Souleymane Cissé, le cinéaste. Ses sœurs avaient été expulsées de leur maison de Bozola. Elles se sont battues avec à leurs côtés leur frère cinéaste connu et reconnu. Elles ont eu gain de cause. Si elles n'avaient pas un frère connu, elles allaient mourir dans la rue dans l'indifférence générale. Voilà le Mali. Souleymane Cissé, pour l'occasion, vient d'accorder une interview à un journal français. Au-delà du journal, pourquoi ne cherche-t-il pas à rencontrer des députés et des sénateurs ?
Si Rokia Traoré, Salif Keita, Souleymane Cissé mettent leur énergie ensemble, appellent à une grande marche contre la corruption et l'impunité, demain matin, IBK sera obligé de faire quelque chose. Mais non, pourquoi vont-ils faire ça pour leur peuple ?
Non, au Mali, le patriotisme des artistes qui osent réellement affronter le pouvoir n'existe presque pas. Ils réagissent quand leurs intérêts personnels sont touchés. Le peuple peut crever. Hélas.

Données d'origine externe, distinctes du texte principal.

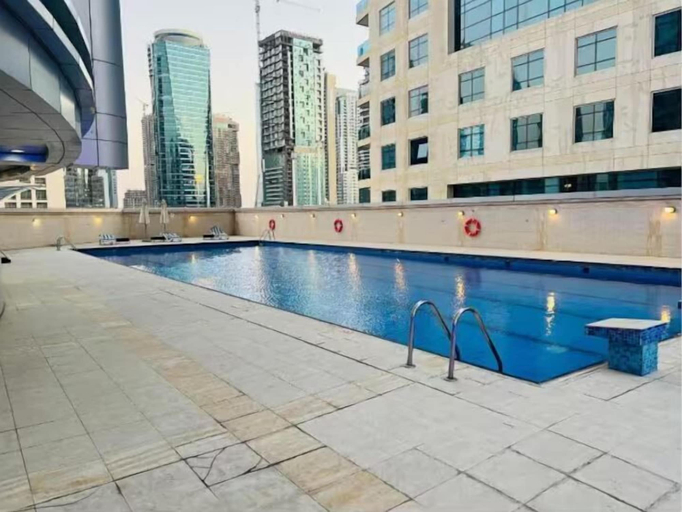 Sport & Beauty, Luxury Address Res Dubai Marina 1BR-2514, Dubai
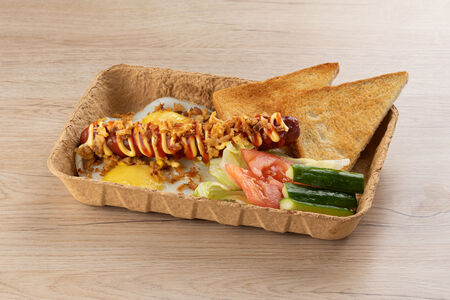 Глазунья с колбаской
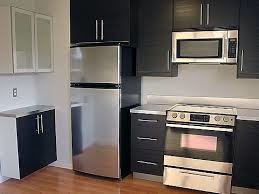 Building Photo - 2637 River Dr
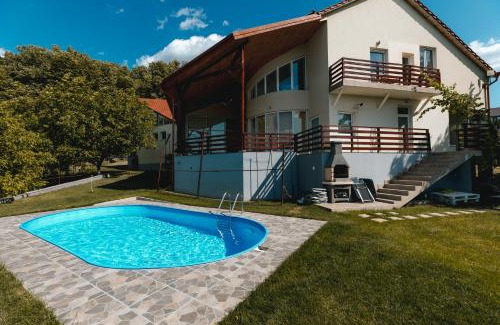 Barnova Villa | BUCIUM CLUB VILA 1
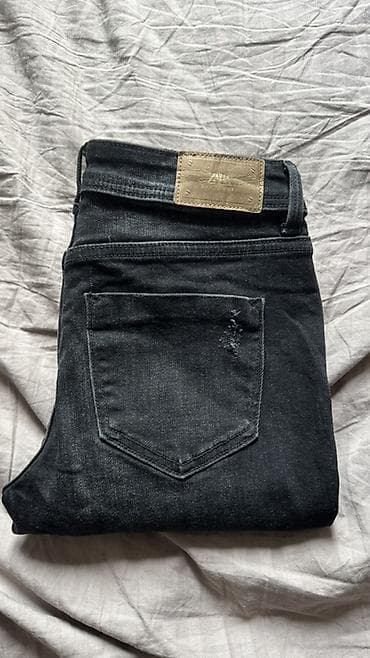 ZARA — джинсы скинни, черный вареный деним В отличном состоянии at lalafo.kg ZARA — джинсы скинни, черный вареный деним В отличном состоянии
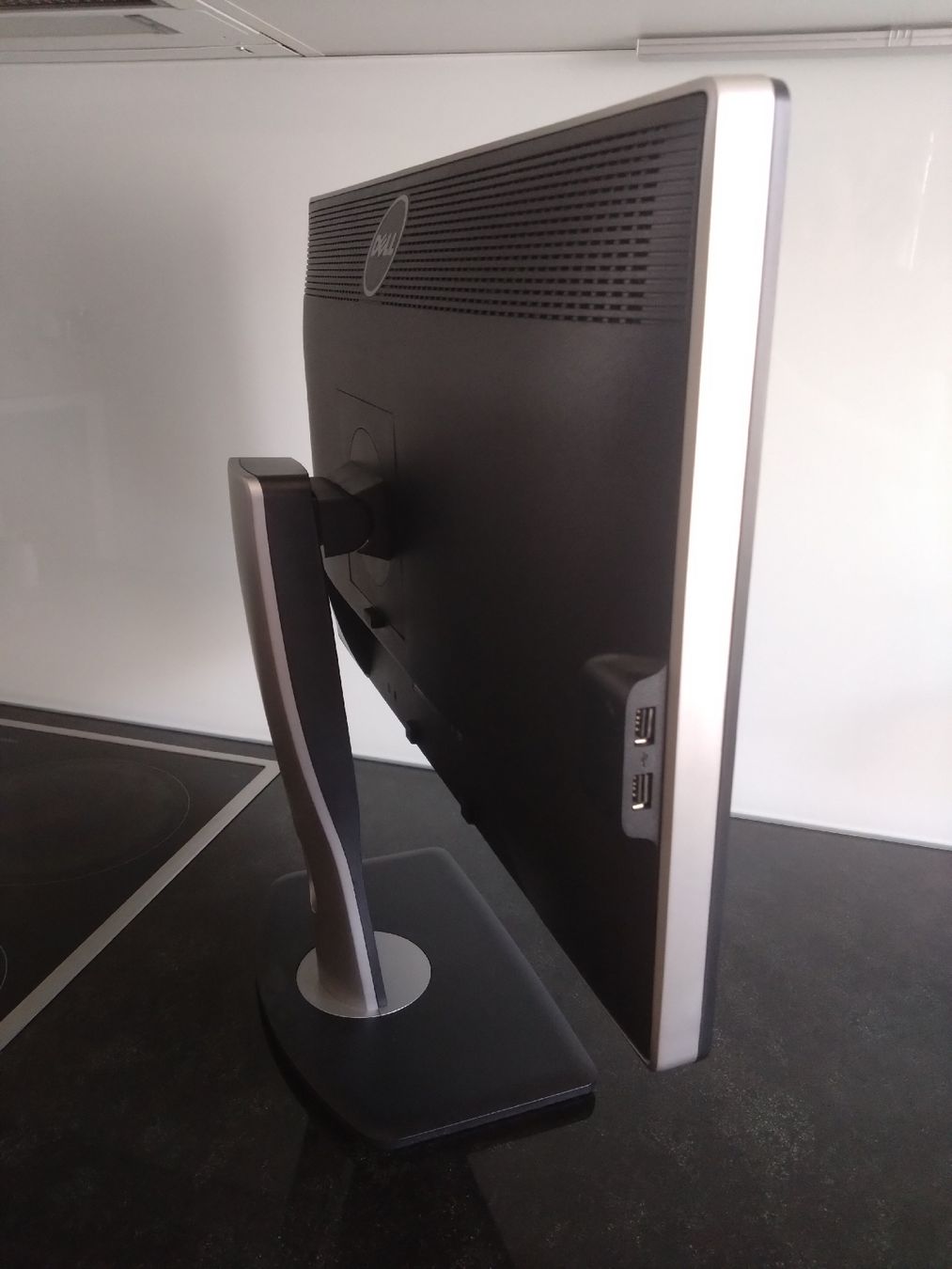 Dell Monitore: Dell U2412m – Gebraucht aus Zürich von StefanW087 2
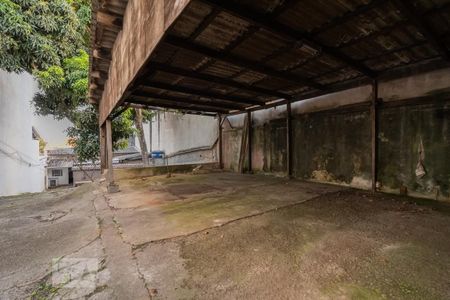 Casa à venda com 300m², 3 quartos e 5 vagasGaragem Inferior/Quintal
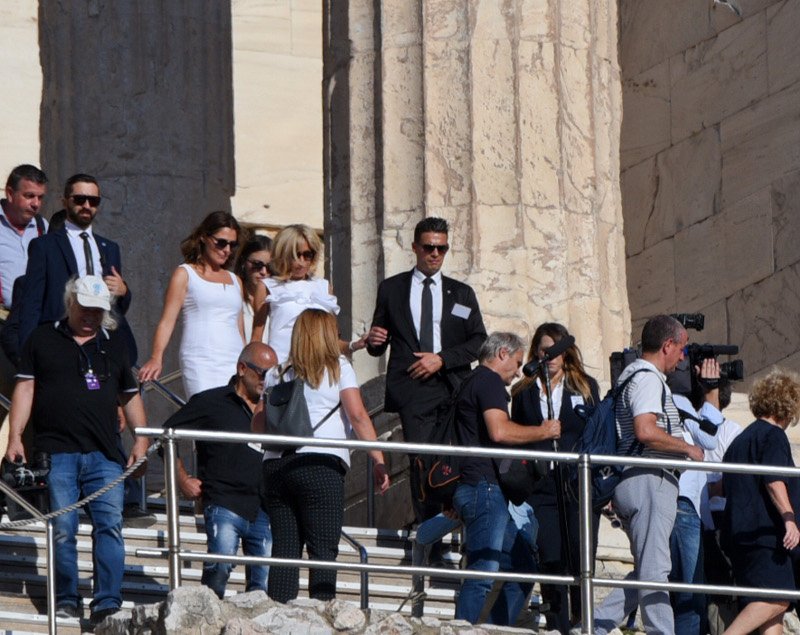 Η αποκάλυψη της Μπριζίτ Μακρόν στην Περιστέρα: «Εχω πάντα μια ελιά στο σπίτι μου» | iefimerida.gr 2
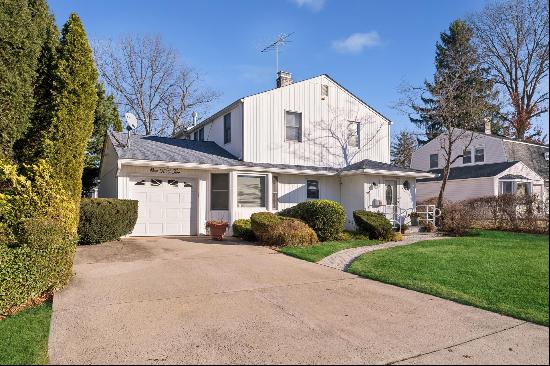 Welcome Home to This Colonial in Roslyn Heights (Browers Hill), This Home has so much to O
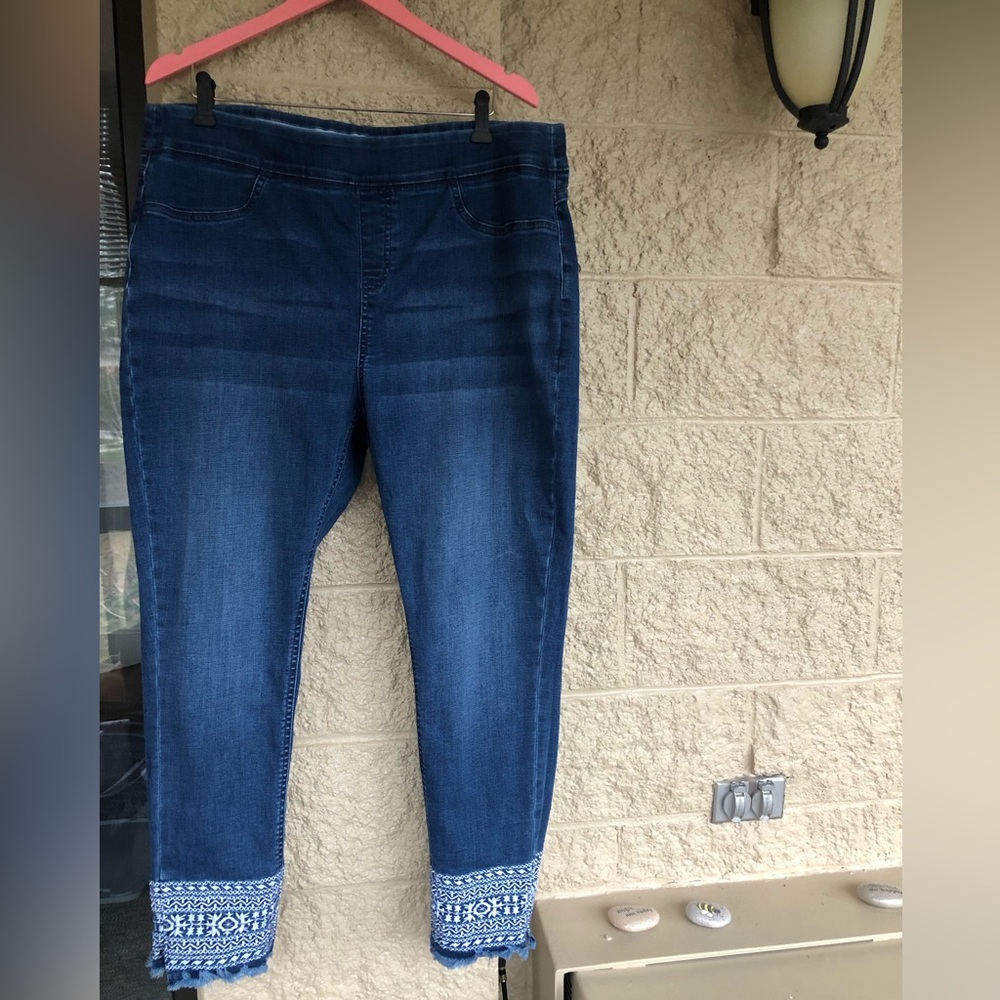 Women’s Blue Embroidered Hem Stretch Jeans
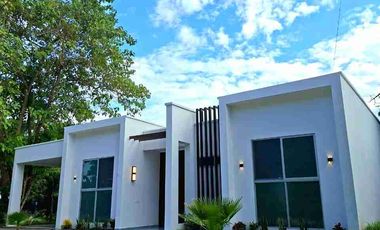 Estrene Hermosa casa campestre en condominio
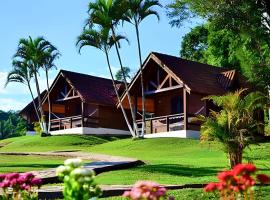 Recanto das Águas - Chalés no meio da Mata Atlântica，位于埃尔多拉多的酒店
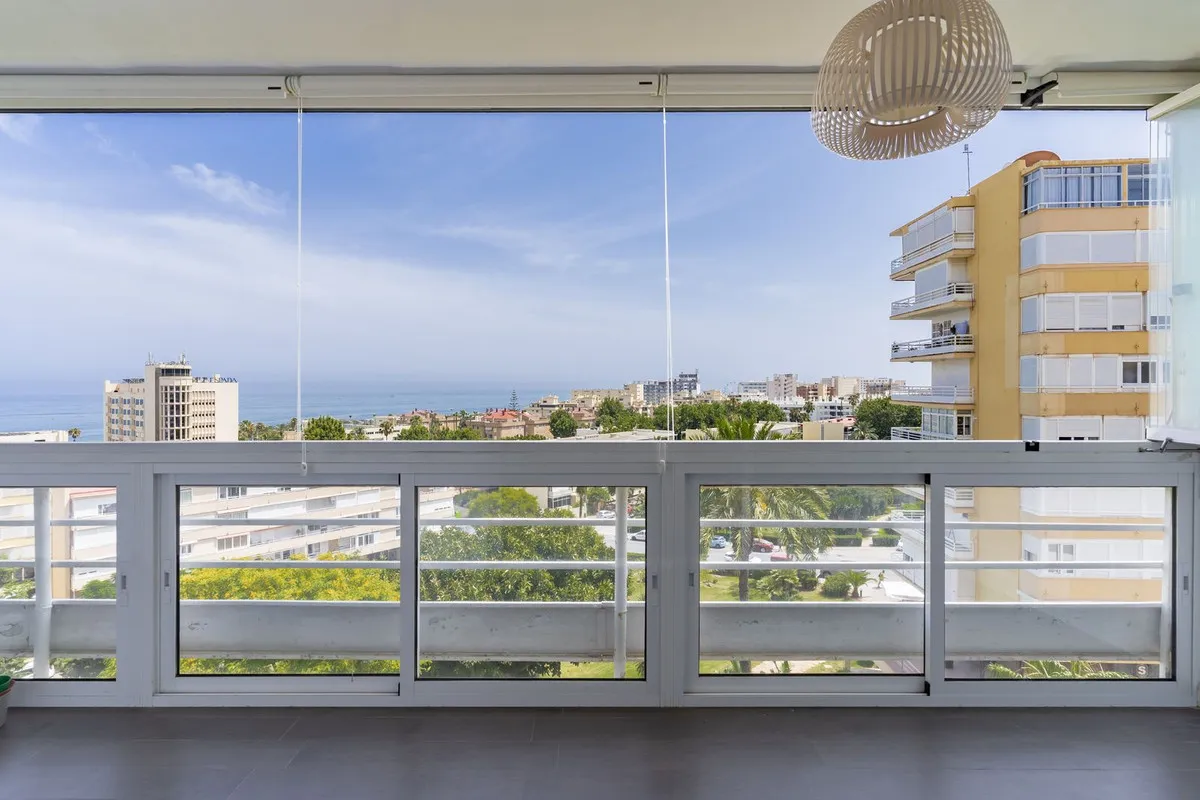 33c1b2d8-f5bd-46ae-a981-4a9bb00d1417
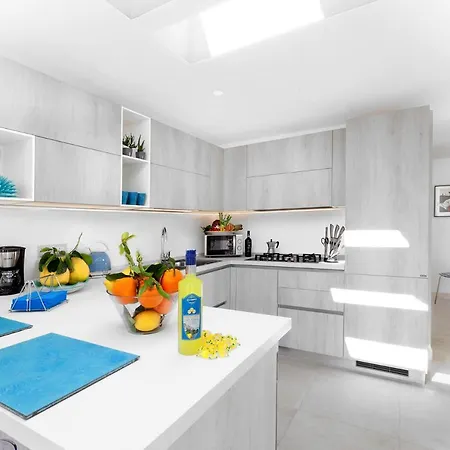 - Casa Cristallo Holiday home *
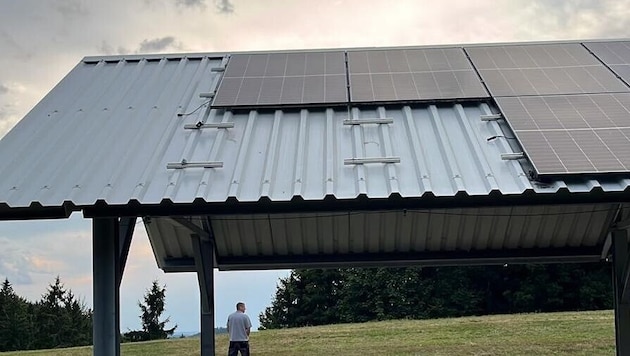 Am Dach der PV-Anlage in Lohnsburg fehlen aktuell zwei Solarpaneele.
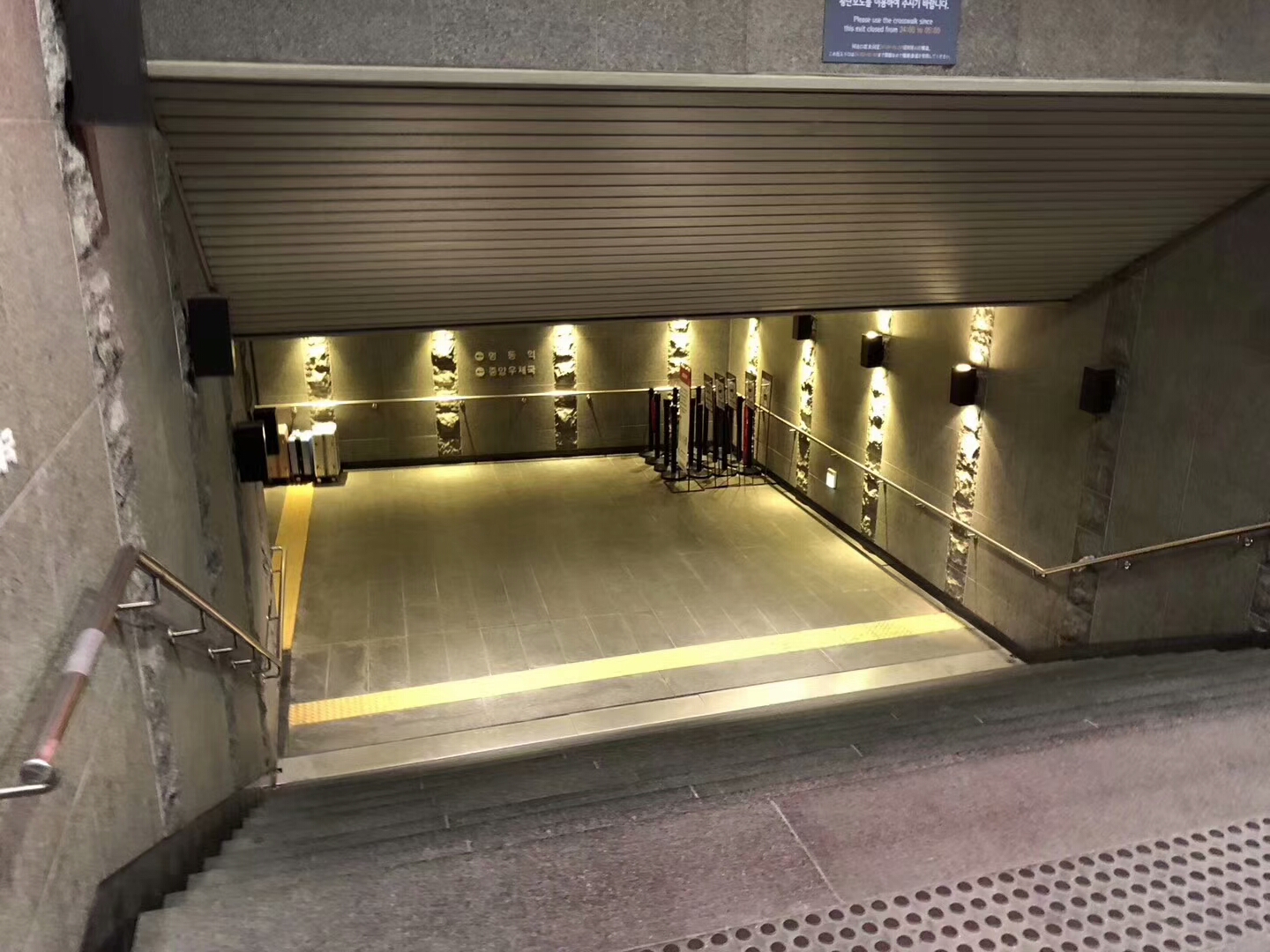 中国游客时隔9月再现韩国免税店,韩国免税店中国游客抢购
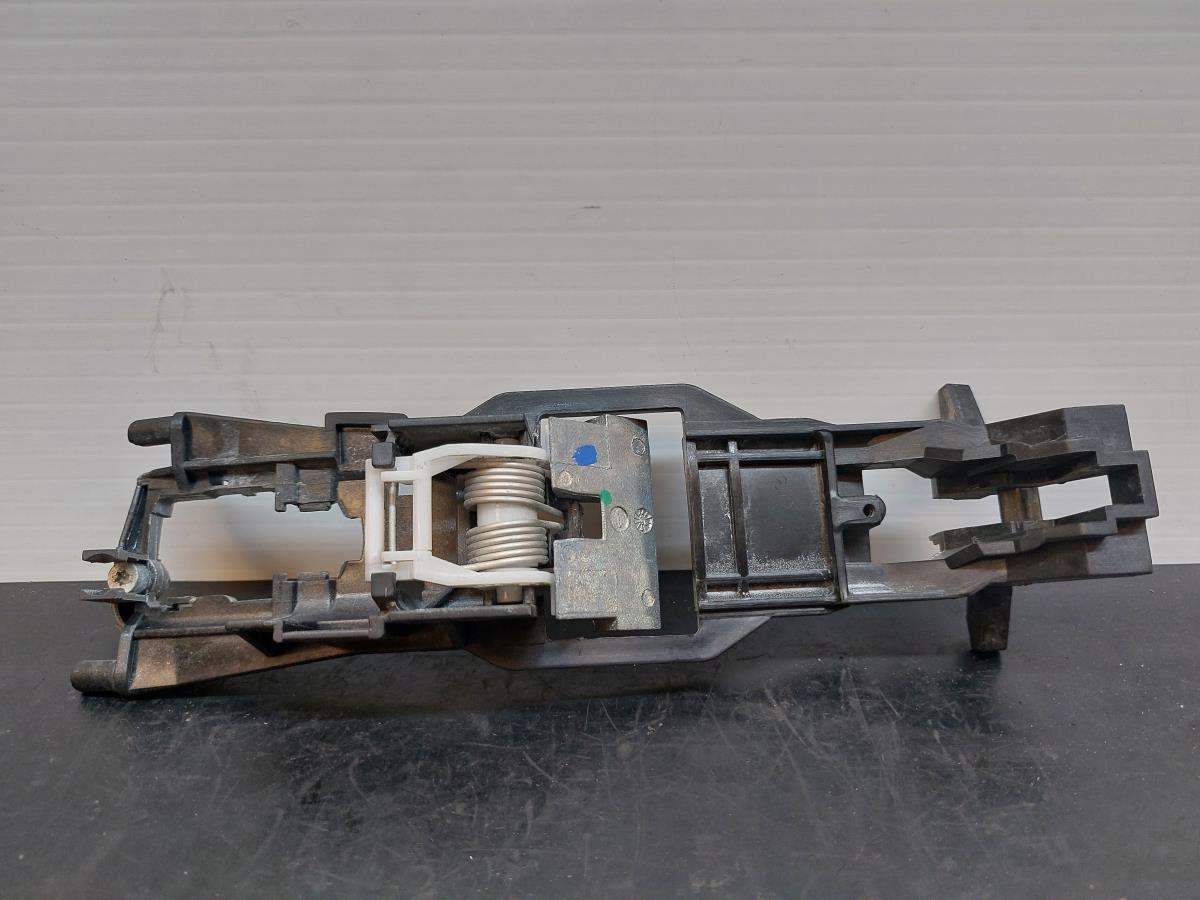 Soporte Manija puerta Delantera Derecha MERCEDES-BENZ Classe E (W211)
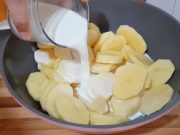 Brambory už nesmažím, toto je stokrát lepší: Fantasticky chutné a lahodné brambory, které připravíte na plechu!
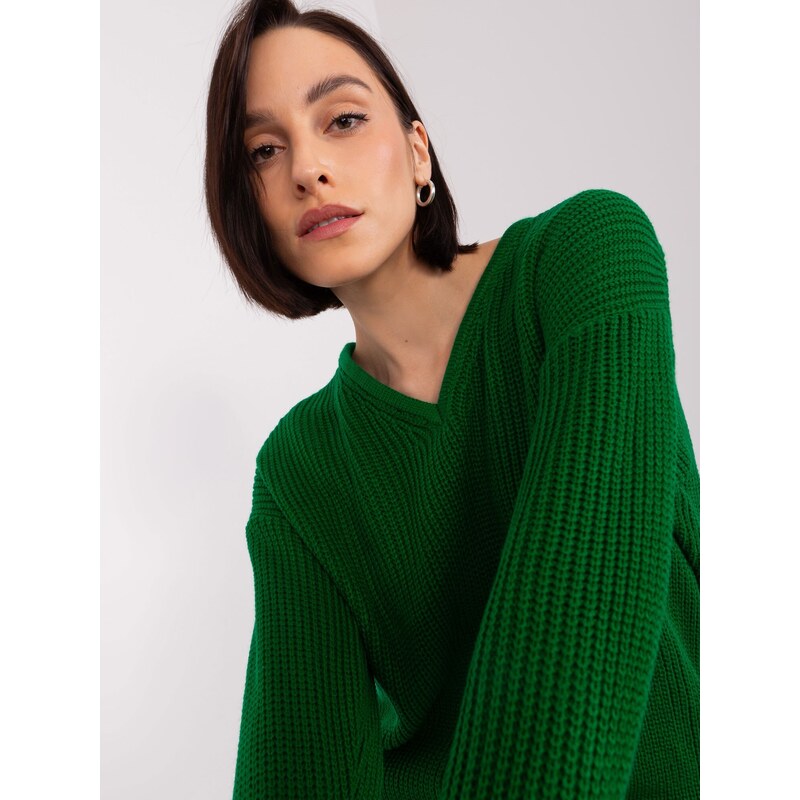 Fashionhunters Tmavě zelený dámský oversize svetr s vlnou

Monsieur le Premier ministre !

Voilà Modibo Keita, un Premier ministre, qui vient bras ballants au CICB dire que lui, avait préconisé 80 mesures pour lutter contre la corruption depuis 2008. Il nous parle d'intermédiaires et de «coxers» dans les marchés publics. Comment est-ce possible qu'un homme qui avoisine 80 ans, qui fut directeur national, ministre, ambassadeur, Premier ministre, haut représentant auprès de…. Puis, Premier ministre à nouveau, soit incapable de taper du poing sur la table et de dire non, ça suffit ? Quand on est Premier ministre d'un pays à terre, on ne pleurniche pas. On agit et si l'on est empêché d'agir, on s'en va en toute dignité. Si lui en fin de carrière, il ne vivra pas ce qu'il a vécu, n'est pas capable de jouer enfin pour le bien de son peuple, que va-t-il dire à Dieu ? Pourquoi à cet âge de la vie, a-t-il peur de se faire des ennemis ? Pour la quiétude de ses petits-enfants ?

Mon grand-père m'a dit un jour en peulh, ce que je traduis : «Bouba, tu sais, la véritable richesse est morale». Bien des décennies plus tard, par simple curiosité, j'étais parti voir et discuter avec le général Moussa Traoré en prison à Markala, le 06/05/2000. J'en ai tiré la leçon de toute une vie (les joies et les amertumes). J'ai observé et écouté la parole du Premier ministre sur la corruption. Ce que je retiens de tout cela est, en dépit des fastes du pouvoir, il y a des choses qui ne valent pas la peine d’être vécues.